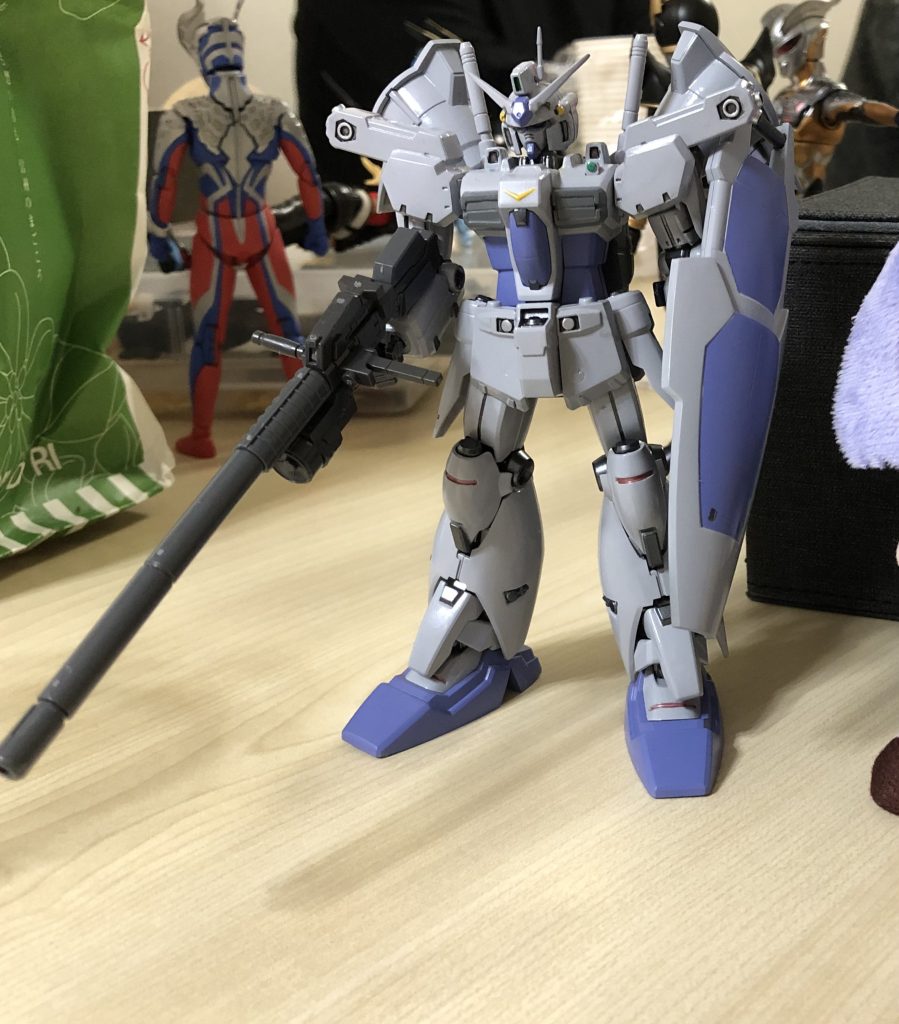 胸部リバーススラスターの改修後と1回目の塗装後とその後塗装やり直した後の写真です。肩と膝にもダークグレーを入れてたのですが何かしっくり来なかったので塗り直し、ついでにメインカラーの薄いグレーの色合いも調整して細かい箇所を部分塗装したのが3枚目です。(ウェザリング前、ビームライフルはまだ素組み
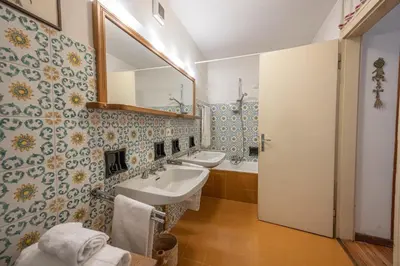 a bathroom with two sinks and a mirror at Casa Ca del Molin, ampia e panoramica in Cortina dʼAmpezzo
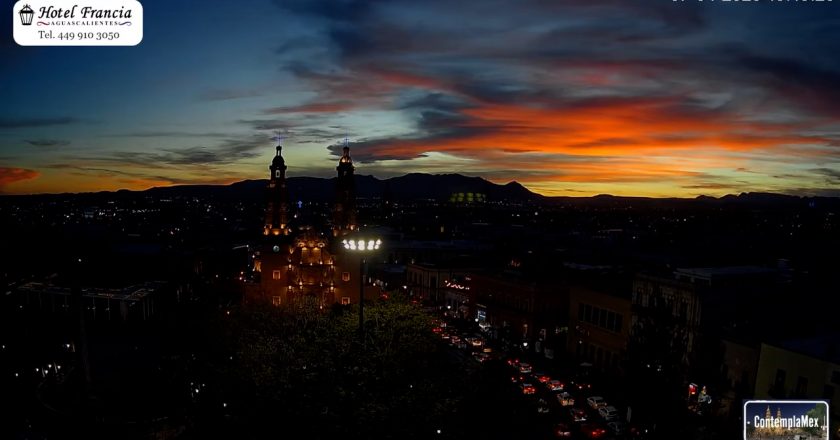 🎬 1 minuto · 1 atardecer del Martes 07 de Abril de 2026 desde el Hotel Francia Aguascalientes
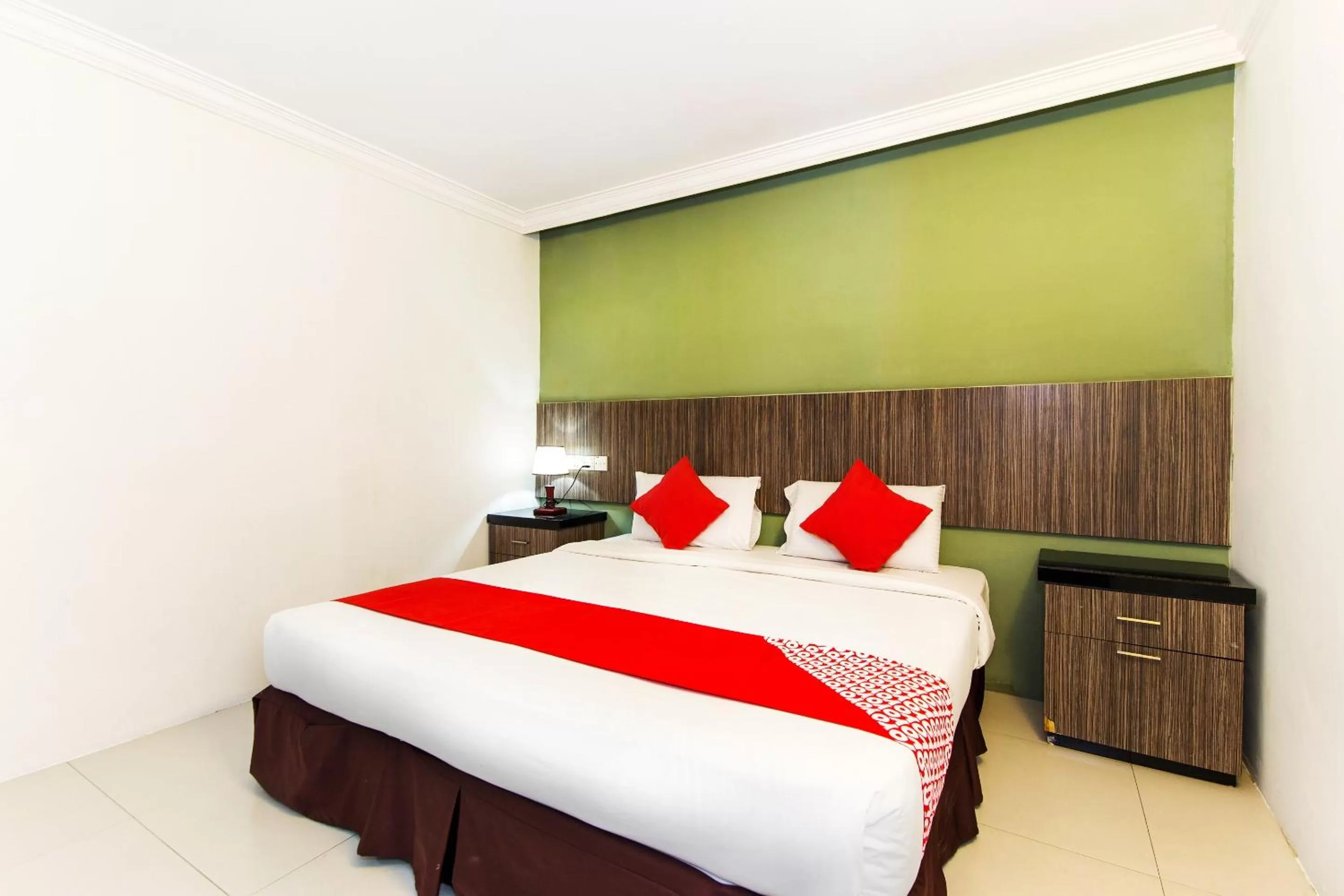 Bedroom, Bed in Crystal City Hotel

- TASK:
Would you set down each line of the data exactly, with no images included?

- RESPONSE TO THE TASK:
 胸部リバーススラスターの改修後と1回目の塗装後とその後塗装やり直した後の写真です。肩と膝にもダークグレーを入れてたのですが何かしっくり来なかったので塗り直し、ついでにメインカラーの薄いグレーの色合いも調整して細かい箇所を部分塗装したのが3枚目です。(ウェザリング前、ビームライフルはまだ素組み
 a bathroom with two sinks and a mirror at Casa Ca del Molin, ampia e panoramica in Cortina dʼAmpezzo
 🎬 1 minuto · 1 atardecer del Martes 07 de Abril de 2026 desde el Hotel Francia Aguascalientes
 Bedroom, Bed in Crystal City Hotel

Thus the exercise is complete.